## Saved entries
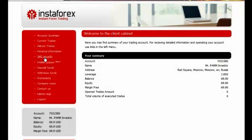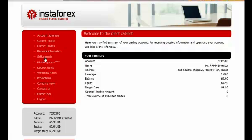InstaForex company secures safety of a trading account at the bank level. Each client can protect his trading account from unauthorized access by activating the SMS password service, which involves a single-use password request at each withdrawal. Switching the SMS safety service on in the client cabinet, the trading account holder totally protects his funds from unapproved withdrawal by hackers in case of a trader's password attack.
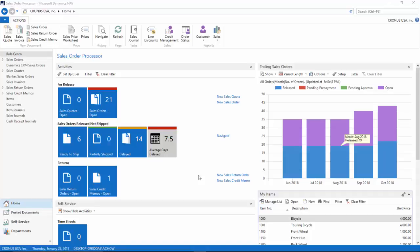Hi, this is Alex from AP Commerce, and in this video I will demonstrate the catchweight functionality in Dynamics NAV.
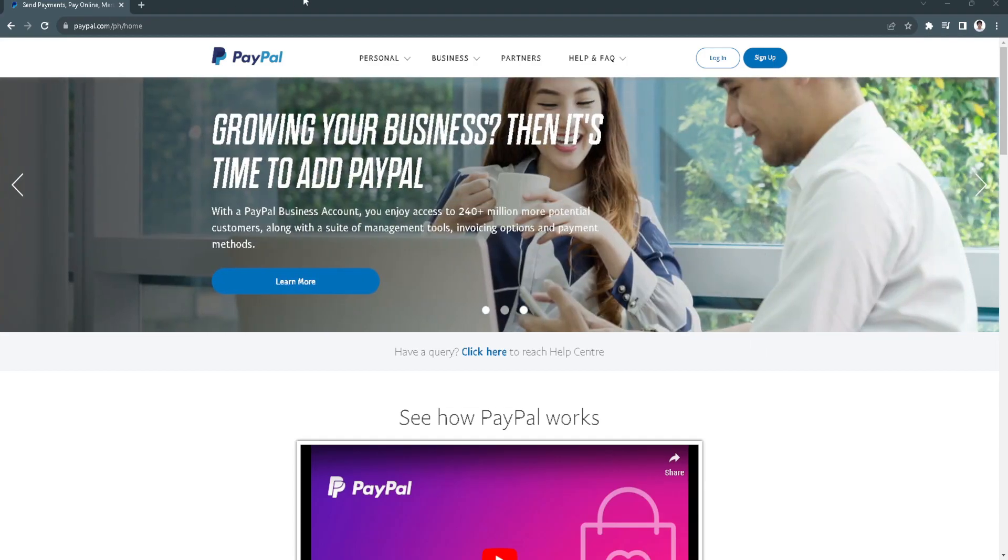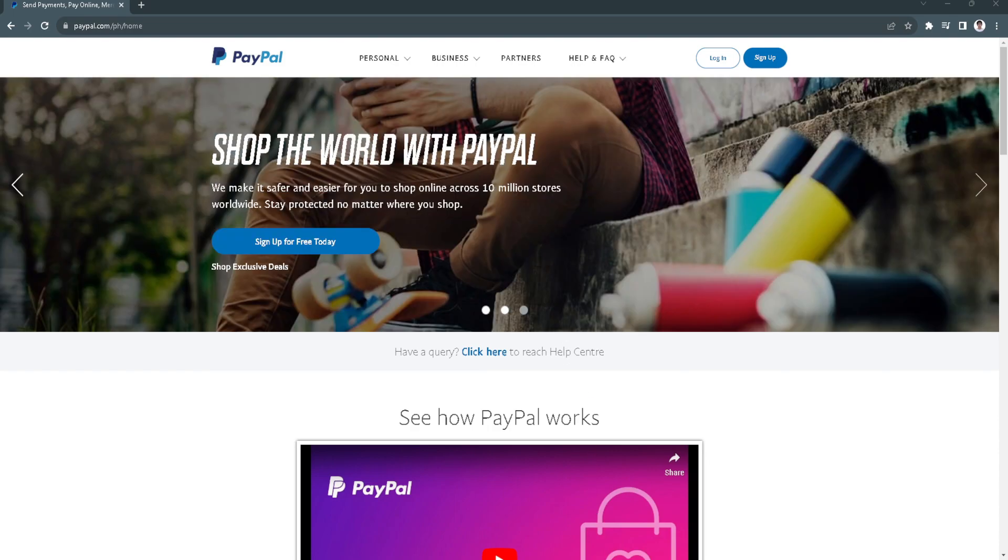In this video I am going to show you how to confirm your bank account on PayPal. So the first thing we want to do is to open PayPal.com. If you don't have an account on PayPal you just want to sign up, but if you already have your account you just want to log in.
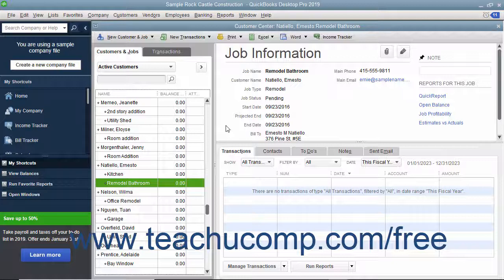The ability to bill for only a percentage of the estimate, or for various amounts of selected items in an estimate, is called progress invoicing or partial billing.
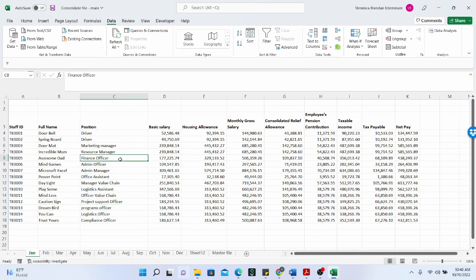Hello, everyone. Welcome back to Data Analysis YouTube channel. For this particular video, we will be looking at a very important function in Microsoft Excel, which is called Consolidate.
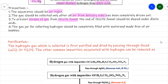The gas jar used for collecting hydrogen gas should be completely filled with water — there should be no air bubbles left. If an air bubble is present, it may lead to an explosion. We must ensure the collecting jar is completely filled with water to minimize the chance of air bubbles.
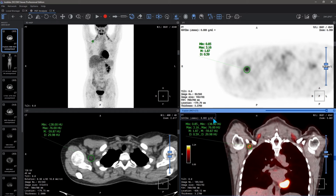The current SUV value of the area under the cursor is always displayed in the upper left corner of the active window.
---
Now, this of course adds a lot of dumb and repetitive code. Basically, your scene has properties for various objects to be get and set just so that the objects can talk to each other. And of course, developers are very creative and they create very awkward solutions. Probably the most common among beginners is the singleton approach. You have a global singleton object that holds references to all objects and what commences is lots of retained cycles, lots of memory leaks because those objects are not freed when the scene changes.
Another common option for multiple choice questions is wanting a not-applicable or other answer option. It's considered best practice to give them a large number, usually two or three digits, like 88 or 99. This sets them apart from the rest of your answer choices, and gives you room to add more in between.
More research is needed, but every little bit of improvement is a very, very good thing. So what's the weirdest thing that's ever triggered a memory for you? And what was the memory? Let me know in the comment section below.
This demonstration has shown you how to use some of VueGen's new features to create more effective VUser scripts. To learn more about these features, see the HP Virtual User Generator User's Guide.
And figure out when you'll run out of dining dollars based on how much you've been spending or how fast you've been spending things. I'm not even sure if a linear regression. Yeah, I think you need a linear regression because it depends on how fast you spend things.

## PROBLEM STATEMENT
Although the records hold pictures, the copy must not; give again exactly the lines from the one with "InstaForex company secures" through the one with "In this video I am".

## RESPONSE TO THE EXERCISE
InstaForex company secures safety of a trading account at the bank level. Each client can protect his trading account from unauthorized access by activating the SMS password service, which involves a single-use password request at each withdrawal. Switching the SMS safety service on in the client cabinet, the trading account holder totally protects his funds from unapproved withdrawal by hackers in case of a trader's password attack.
Hi, this is Alex from AP Commerce, and in this video I will demonstrate the catchweight functionality in Dynamics NAV.
In this video I am going to show you how to confirm your bank account on PayPal. So the first thing we want to do is to open PayPal.com. If you don't have an account on PayPal you just want to sign up, but if you already have your account you just want to log in.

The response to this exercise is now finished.